Matt has a fantastic stream of consciousness post that I loved! Made me laugh and let me tell you we need all the laughter we can get right now. There’s a great Twitter, Facebook, and blog called You Had One Job and it’s frickin’ hilarious. My kids and I were laughing our butts off on Tuesday evening looking through the posts – stress relieving for sure.

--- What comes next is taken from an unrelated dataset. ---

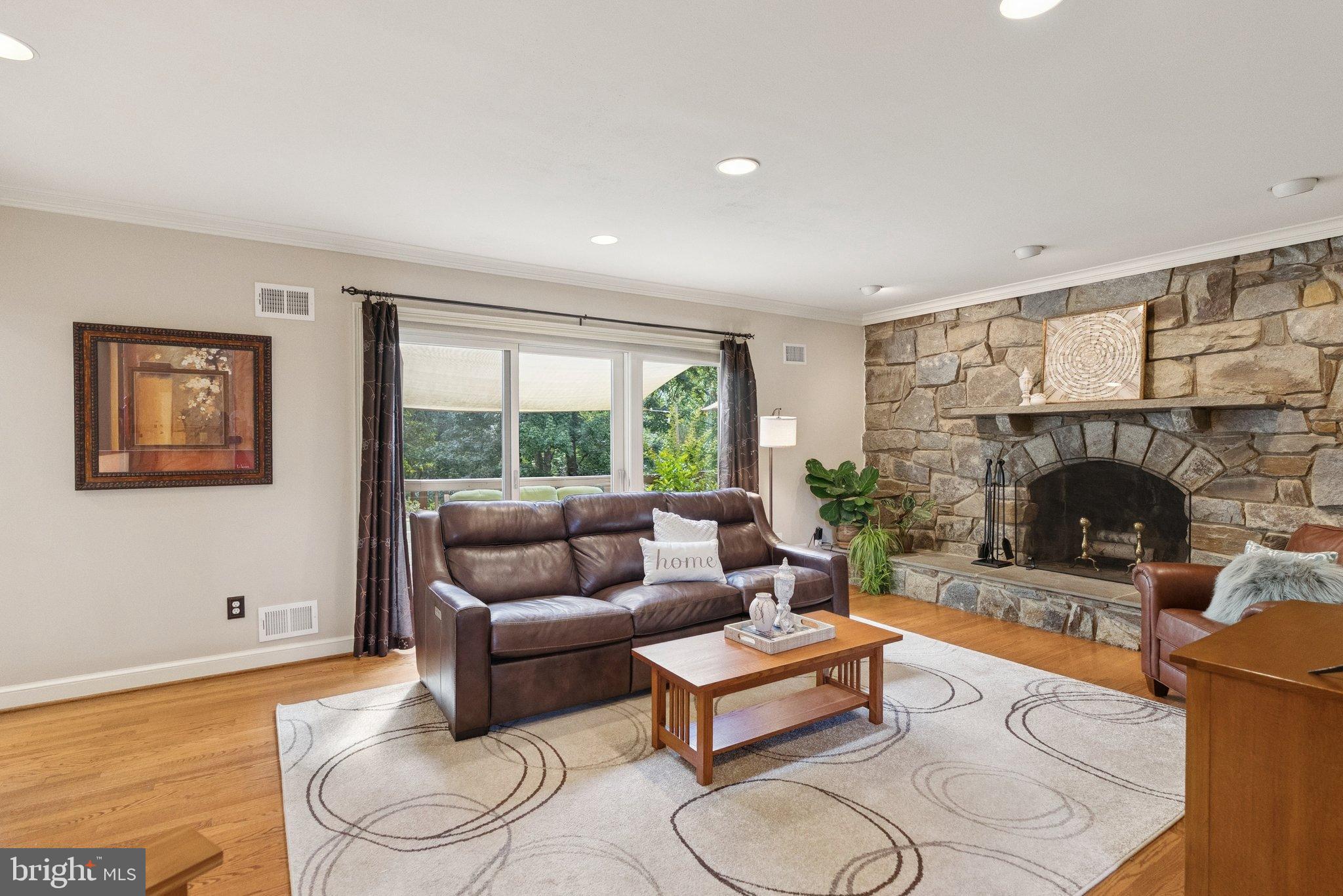 9817 Conestoga Way Potomac, MD 20854 - Photo 6 of 35 a living room with furniture and a fireplace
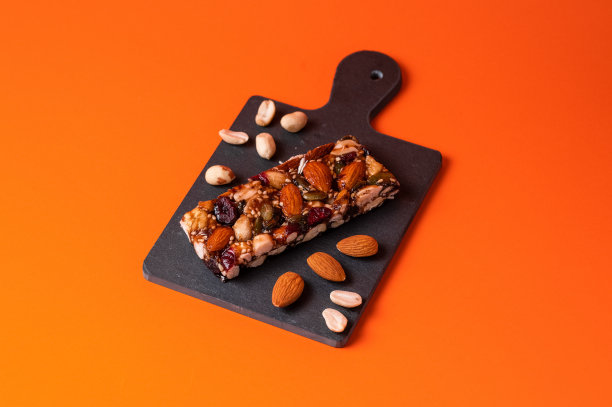 健康的零食，健身的生活方式和高纤维的饮食理念，格兰诺拉燕麦能量棒周围环绕着干果，榛子和杏仁在黑色的石头上与引人入胜的光线图片下载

Yesterday I spent quietly with no news, very little Facebook, and mostly cleaning the house because that really has to be kept up. Not happy, scared, but I can’t wallow in sadness either. What I can do is put my big girl panties on and keep making a difference because hatred has been around a long time and it’s going to keep being around because people are people. We get hurt and angry and sometimes we carry those hurts a long time. Like Robert Downey Jr says in Home For the Holidays, “Just lay it down already will ya?” Yep, I need to do that too. I have a backpack of crap I strap on a lot of the time, but I’ve been slowly taking stuff out and putting it aside and that backpack is a little lighter these days. But kindness – kindness is always in and it’s right now that we need to cultivate it in our own lives and pass it on as we go about our lives. Find opportunities every day for little acts of goodness and light – we ALL need to give and receive them no matter who we are.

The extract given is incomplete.